Data to examine START

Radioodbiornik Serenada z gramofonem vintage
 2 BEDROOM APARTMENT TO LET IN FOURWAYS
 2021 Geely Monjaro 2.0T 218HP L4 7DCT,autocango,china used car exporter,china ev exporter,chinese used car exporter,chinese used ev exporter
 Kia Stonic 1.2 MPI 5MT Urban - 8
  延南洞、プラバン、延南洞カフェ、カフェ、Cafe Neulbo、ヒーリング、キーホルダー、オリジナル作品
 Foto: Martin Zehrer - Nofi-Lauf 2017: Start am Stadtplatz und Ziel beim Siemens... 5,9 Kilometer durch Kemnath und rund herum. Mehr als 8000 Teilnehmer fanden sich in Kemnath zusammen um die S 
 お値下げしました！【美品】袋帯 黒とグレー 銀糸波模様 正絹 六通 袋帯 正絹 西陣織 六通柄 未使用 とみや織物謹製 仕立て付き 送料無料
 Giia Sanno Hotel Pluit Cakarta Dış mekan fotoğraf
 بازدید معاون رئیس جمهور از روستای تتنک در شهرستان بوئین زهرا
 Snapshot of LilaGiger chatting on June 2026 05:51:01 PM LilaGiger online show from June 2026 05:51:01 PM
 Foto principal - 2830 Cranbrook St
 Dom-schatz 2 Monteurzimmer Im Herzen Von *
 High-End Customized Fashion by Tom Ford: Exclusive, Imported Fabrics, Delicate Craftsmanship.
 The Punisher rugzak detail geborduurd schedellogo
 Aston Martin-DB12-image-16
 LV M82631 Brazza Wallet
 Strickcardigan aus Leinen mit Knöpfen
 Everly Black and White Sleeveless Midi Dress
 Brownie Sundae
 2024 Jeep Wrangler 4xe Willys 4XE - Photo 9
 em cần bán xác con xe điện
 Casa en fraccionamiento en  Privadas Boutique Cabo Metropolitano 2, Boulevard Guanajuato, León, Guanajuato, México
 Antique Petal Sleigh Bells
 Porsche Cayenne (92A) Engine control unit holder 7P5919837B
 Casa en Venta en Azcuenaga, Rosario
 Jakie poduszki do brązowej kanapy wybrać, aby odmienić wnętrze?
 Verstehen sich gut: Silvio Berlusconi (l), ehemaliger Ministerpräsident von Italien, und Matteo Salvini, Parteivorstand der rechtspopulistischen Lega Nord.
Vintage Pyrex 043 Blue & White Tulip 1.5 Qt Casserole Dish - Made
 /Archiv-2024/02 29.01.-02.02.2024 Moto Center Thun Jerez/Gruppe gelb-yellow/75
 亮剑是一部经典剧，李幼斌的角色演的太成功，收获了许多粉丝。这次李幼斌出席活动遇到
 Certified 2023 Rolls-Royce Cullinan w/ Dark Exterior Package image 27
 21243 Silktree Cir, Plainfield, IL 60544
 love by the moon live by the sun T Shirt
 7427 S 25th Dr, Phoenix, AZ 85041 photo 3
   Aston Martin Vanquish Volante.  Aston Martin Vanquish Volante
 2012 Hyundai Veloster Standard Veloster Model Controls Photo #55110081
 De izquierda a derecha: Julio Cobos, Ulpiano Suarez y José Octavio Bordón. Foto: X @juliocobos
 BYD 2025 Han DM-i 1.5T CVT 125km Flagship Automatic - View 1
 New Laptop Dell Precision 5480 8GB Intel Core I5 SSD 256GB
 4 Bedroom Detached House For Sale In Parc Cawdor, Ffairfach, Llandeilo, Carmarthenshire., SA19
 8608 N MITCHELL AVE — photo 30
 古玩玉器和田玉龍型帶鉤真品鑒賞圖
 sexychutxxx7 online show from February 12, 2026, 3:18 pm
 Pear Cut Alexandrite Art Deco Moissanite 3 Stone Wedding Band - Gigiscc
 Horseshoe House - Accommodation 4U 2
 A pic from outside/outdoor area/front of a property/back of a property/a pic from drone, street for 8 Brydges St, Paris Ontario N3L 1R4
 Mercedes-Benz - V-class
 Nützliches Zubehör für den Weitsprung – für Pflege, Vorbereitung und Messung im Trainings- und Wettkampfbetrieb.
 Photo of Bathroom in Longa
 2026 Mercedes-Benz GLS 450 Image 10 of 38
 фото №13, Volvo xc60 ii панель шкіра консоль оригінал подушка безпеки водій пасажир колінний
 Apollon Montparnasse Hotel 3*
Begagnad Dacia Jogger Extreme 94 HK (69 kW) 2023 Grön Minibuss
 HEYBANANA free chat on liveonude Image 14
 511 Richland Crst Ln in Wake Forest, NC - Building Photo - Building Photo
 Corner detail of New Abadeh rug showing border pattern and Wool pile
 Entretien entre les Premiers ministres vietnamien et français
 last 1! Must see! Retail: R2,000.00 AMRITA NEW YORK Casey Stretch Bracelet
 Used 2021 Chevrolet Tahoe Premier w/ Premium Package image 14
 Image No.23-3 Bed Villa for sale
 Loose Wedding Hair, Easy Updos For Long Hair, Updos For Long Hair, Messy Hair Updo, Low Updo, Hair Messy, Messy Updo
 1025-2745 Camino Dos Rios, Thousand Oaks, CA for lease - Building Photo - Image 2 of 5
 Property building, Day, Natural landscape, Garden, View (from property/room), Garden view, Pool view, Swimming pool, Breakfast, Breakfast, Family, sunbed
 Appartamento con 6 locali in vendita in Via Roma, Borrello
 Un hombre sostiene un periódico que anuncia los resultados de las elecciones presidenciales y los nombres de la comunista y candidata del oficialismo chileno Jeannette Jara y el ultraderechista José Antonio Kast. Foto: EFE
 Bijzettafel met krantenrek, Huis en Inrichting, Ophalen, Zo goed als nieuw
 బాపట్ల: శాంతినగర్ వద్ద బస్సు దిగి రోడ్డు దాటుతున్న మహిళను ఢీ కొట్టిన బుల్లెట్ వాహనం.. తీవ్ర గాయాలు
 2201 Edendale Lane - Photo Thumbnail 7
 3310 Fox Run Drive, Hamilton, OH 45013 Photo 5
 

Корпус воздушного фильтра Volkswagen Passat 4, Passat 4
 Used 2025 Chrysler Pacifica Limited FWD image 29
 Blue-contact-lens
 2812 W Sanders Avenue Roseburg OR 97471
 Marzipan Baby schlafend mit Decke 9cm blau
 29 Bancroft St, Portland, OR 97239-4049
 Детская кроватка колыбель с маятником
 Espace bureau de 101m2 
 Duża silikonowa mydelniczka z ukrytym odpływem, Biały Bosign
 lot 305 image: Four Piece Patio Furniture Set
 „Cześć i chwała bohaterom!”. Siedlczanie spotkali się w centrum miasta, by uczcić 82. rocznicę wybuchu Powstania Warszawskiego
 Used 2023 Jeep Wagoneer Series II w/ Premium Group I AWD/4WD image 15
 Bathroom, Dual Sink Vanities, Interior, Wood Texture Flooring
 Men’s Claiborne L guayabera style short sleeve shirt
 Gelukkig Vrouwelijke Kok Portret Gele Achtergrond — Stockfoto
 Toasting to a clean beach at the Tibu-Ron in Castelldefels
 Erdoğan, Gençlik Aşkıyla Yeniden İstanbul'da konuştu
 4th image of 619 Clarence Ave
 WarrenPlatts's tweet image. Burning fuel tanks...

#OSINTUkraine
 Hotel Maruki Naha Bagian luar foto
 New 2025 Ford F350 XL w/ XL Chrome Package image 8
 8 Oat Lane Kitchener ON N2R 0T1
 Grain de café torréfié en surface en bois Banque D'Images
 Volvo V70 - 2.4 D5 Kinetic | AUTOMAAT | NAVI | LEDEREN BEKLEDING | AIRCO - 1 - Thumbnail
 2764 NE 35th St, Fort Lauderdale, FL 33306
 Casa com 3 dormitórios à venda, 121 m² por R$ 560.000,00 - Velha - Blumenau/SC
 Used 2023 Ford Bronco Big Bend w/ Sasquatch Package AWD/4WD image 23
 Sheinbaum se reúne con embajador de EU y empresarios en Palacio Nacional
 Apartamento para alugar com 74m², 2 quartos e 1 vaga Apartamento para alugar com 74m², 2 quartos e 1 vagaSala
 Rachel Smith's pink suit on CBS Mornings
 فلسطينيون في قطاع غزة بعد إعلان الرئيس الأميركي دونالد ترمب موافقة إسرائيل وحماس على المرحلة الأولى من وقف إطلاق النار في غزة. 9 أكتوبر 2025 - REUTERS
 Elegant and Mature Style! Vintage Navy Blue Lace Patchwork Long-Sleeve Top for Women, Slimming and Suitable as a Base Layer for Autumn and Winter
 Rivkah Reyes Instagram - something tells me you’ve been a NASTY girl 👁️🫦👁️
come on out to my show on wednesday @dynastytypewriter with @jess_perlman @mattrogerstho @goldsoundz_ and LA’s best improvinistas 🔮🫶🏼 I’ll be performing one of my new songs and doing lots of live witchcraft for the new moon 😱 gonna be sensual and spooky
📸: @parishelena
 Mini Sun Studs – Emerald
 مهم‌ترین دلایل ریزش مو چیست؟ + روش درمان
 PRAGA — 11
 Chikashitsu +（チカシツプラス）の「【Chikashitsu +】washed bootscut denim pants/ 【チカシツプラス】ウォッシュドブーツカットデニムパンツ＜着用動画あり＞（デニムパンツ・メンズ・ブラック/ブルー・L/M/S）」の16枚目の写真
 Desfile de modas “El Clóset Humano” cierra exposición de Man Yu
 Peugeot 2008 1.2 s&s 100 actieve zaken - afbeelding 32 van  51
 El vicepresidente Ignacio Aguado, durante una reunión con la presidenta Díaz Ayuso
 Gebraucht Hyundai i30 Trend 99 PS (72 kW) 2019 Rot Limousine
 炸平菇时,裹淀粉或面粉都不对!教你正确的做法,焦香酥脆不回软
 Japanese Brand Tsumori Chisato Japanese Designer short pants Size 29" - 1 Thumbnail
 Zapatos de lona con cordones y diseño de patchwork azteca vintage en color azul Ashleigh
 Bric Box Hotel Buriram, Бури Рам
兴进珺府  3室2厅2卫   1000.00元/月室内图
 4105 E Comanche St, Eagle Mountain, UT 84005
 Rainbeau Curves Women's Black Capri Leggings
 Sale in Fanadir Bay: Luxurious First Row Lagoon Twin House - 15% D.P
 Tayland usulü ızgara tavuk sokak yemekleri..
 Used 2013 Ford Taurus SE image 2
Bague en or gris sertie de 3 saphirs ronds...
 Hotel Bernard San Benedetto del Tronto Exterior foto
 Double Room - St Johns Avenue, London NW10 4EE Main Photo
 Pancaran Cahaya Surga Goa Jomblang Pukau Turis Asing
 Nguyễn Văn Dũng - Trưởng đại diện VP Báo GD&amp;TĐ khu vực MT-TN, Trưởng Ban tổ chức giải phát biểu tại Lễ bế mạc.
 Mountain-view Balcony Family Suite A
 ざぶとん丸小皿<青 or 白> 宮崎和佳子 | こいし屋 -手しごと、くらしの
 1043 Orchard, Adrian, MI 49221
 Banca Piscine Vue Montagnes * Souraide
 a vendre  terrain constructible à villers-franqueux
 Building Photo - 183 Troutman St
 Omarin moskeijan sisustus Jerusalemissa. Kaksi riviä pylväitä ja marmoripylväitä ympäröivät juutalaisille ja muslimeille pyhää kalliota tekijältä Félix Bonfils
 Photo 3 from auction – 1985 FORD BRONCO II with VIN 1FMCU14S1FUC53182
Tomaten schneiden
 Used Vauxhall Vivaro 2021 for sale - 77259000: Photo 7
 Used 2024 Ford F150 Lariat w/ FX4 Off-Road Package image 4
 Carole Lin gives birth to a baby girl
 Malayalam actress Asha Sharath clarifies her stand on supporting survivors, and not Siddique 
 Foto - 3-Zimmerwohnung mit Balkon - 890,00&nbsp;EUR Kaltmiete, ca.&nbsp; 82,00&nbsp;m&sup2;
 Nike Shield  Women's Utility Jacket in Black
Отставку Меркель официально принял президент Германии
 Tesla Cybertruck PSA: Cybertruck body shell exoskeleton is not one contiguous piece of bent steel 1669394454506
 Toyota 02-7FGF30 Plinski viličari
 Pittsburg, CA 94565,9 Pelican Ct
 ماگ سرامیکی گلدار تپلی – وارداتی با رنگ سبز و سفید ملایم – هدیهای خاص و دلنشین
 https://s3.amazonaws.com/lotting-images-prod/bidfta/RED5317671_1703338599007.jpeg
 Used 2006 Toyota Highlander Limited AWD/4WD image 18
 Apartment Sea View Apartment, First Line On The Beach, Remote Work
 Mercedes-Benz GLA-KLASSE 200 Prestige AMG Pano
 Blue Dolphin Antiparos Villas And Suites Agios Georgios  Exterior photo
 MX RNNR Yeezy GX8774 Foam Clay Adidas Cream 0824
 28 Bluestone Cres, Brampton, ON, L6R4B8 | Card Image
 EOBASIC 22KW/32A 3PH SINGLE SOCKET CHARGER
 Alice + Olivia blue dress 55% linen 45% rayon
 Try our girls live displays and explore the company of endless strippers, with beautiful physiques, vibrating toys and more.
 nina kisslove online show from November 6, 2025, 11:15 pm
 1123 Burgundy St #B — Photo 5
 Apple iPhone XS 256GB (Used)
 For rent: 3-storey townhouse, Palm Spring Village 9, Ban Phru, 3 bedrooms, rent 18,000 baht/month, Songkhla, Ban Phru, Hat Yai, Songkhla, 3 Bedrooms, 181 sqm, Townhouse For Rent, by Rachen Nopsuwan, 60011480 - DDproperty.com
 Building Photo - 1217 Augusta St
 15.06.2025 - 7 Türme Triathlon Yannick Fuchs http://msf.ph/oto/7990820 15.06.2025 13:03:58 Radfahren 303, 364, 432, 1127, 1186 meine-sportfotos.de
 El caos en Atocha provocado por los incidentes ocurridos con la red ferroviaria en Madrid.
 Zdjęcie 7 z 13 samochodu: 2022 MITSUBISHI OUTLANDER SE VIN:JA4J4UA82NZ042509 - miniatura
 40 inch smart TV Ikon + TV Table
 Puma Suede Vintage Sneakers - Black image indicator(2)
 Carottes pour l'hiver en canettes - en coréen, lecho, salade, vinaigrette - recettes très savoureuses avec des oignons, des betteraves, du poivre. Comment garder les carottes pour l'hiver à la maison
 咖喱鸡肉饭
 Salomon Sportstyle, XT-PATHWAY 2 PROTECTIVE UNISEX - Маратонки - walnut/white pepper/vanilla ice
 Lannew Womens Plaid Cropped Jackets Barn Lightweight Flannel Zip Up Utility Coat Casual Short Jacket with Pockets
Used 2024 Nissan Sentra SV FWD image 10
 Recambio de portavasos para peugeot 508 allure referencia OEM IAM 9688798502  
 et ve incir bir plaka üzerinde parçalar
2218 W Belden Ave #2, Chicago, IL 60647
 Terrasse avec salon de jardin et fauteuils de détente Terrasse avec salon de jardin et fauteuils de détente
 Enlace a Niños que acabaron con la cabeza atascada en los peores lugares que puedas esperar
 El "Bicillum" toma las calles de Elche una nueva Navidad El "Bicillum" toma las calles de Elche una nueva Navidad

Data to examine END

#### What the task asks:
Only one stretch of the data above is needed. Restate it word for word, from the line containing "مهم‌ترین دلایل ریزش مو چیست؟ + روش درمان" through the line containing "Pancaran Cahaya Surga", both ends included.

#### Answer to this task:
 مهم‌ترین دلایل ریزش مو چیست؟ + روش درمان
 PRAGA — 11
 Chikashitsu +（チカシツプラス）の「【Chikashitsu +】washed bootscut denim pants/ 【チカシツプラス】ウォッシュドブーツカットデニムパンツ＜着用動画あり＞（デニムパンツ・メンズ・ブラック/ブルー・L/M/S）」の16枚目の写真
 Desfile de modas “El Clóset Humano” cierra exposición de Man Yu
 Peugeot 2008 1.2 s&s 100 actieve zaken - afbeelding 32 van  51
 El vicepresidente Ignacio Aguado, durante una reunión con la presidenta Díaz Ayuso
 Gebraucht Hyundai i30 Trend 99 PS (72 kW) 2019 Rot Limousine
 炸平菇时,裹淀粉或面粉都不对!教你正确的做法,焦香酥脆不回软
 Japanese Brand Tsumori Chisato Japanese Designer short pants Size 29" - 1 Thumbnail
 Zapatos de lona con cordones y diseño de patchwork azteca vintage en color azul Ashleigh
 Bric Box Hotel Buriram, Бури Рам
兴进珺府  3室2厅2卫   1000.00元/月室内图
 4105 E Comanche St, Eagle Mountain, UT 84005
 Rainbeau Curves Women's Black Capri Leggings
 Sale in Fanadir Bay: Luxurious First Row Lagoon Twin House - 15% D.P
 Tayland usulü ızgara tavuk sokak yemekleri..
 Used 2013 Ford Taurus SE image 2
Bague en or gris sertie de 3 saphirs ronds...
 Hotel Bernard San Benedetto del Tronto Exterior foto
 Double Room - St Johns Avenue, London NW10 4EE Main Photo
 Pancaran Cahaya Surga Goa Jomblang Pukau Turis Asing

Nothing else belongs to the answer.